LETHEM: It’s just the desert and the myth of the frontier. The whole utopian dream and experiment that is America. As William Carlos Williams said, “The pure products of America go crazy.” This predates Trump by a wide margin.

BOLLEN: How did you devise the personality and character of the title’s Feral Detective, Charles Heist? I’m asking not only when you decided that he’d have an opossum in his office, but that he’d be a desert-dwelling love interest for Phoebe? 

LETHEM: Heist was developed out of a fascination with the notion of “feral children,” a curiosity that goes back to my childhood loves of Tarzan and Mowgli from The Jungle Book. Later, that image darkened when I learned about Kaspar Hauser, the famous wild child of Avignon, and other unsettling stories of what gets called a “feral child.” After I’d conceived the notion that gives the book its title—a grown-up feral child, turned detective—I wondered what it meant, and what it was for. Who would he be, and what would he care about? And that, in turn, connected to my growing fascination with this place: the Inland Empire, on the verge of the Mojave Desert. I began to see him as an enigmatic figure, a sort of refusenik—he’d been elected King of the Bears, but declined the position. Instead, he lurks on the periphery, pulling others out of the maelstrom.

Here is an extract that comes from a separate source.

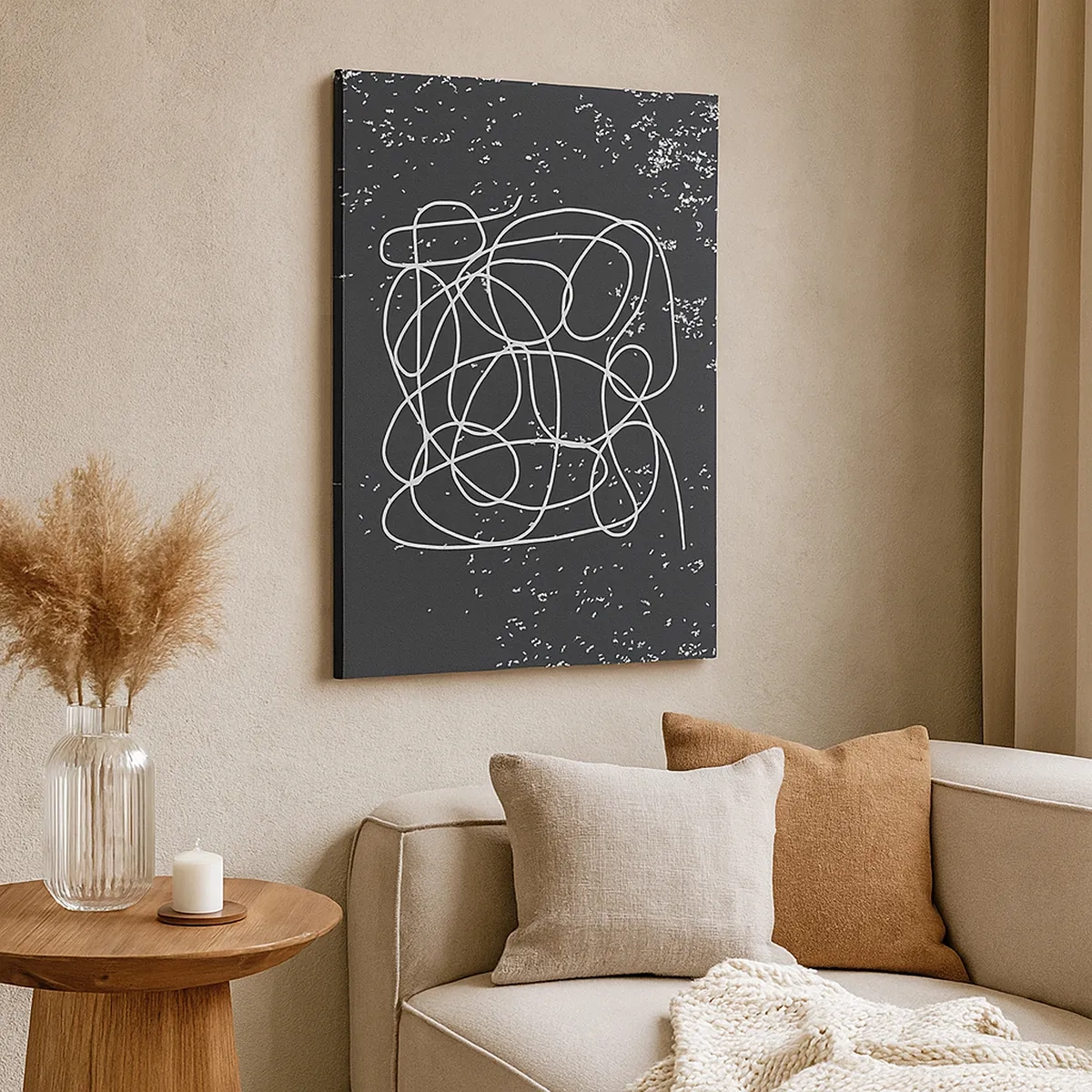 Canvastavla - Bild på duk - Vilsegångna tankar - 50x70 cm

“In fiction, a twist every 17 pages is my formula. If you circle them all and send the book back to me, I’ll give you a prize.” —Jonathan Lethem

 

BOLLEN: In the book, your California desert has bad cell phone reception. How do you tend to approach the overriding technology/cell phone conundrum for your characters? Do you feel the liberty to shut their phones off?

LETHEM: It bedevils me, really, and I keep finding sleight-of-hand ways out of the problem: bad reception, apocalypse, indifference. In [Lethem’s 2009 book] Chronic City, I wanted to write about the incursion of “the screen interface” into daily life, but I did it from the point of view of a bunch of Luddite fools for whom even eBay is a kind of overwhelming virtual reality. Even the depiction of email, to me, feels tinny in fiction. I’ve seen others get away with it. I guess I don’t have any principle at stake here, or general admonition for other practitioners. It’s just a problem I solve one book at a time.

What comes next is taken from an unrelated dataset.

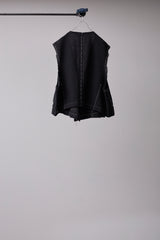 SEQUINED TWEED HAND STITCHED BASTING VEST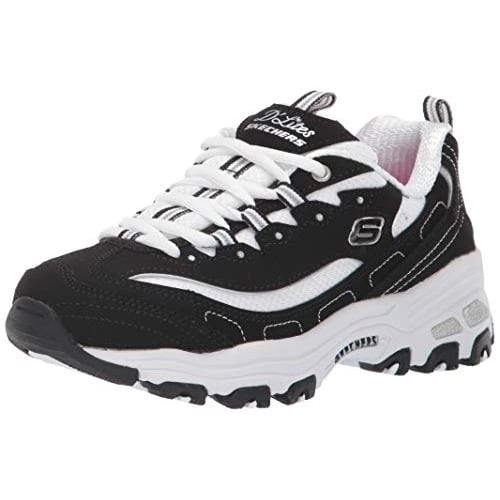 Skechers Kids DLites-Biggest Fan Sneaker  BKW Image 4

BOLLEN: As a well-known archetypal New York writer, how has moving to California changed you? Has it changed your work in any noticeable ways?

LETHEM: I first ran away from New York to Berkeley, California, at age 19. Ever since, I’ve felt like a kind of split personality. People forget that my first three-and-a-half books were set in some version or another of “the west.” They forget for good reason: my New York books are more famous, and I’m very proud of them. But I also relate to the west as a myth very strongly—even if it’s a love-hate strength, a powerful ambivalence. Now that I’ve been living in the Southland for nearly a decade, I’m better able to consider it as a real place—albeit one shaped, both from the inside and the outside, by the myth.

BOLLEN: The west is a mythical place of freedom, at least that’s what it represents for those of us stuck back in the east. At the heart of The Feral Detective, there seems to be an attempt at freedom—coming unglued from civilization, hiding your tracks, starting again, losing track of the president and his politics. Do you think any of us can ever really get free?

LETHEM: Well, it’s the problem of utopia, isn’t it? You bring yourself with you when you go there. Your baggage travels, too. That’s the great American story: setting out into the territory, the wide-open promise of freedom and reproducing the old hierarchies, the old anxieties and prejudices, the old self-destructive urges, in a violent new conjunction, and, in many ways, worse, without the modulating anchor of old institutions and rituals. The reenactment of a discarded social order is often starker and crazier out here in the great wide open. Dystopia stalks utopia everywhere it goes.

BOLLEN: Do you think you’d make a good private eye?

LETHEM: No, I’d be hopeless. I think of all my best lines two weeks later, which is why I’m a writer. A detective needs repartee that’s ready on a much quicker basis.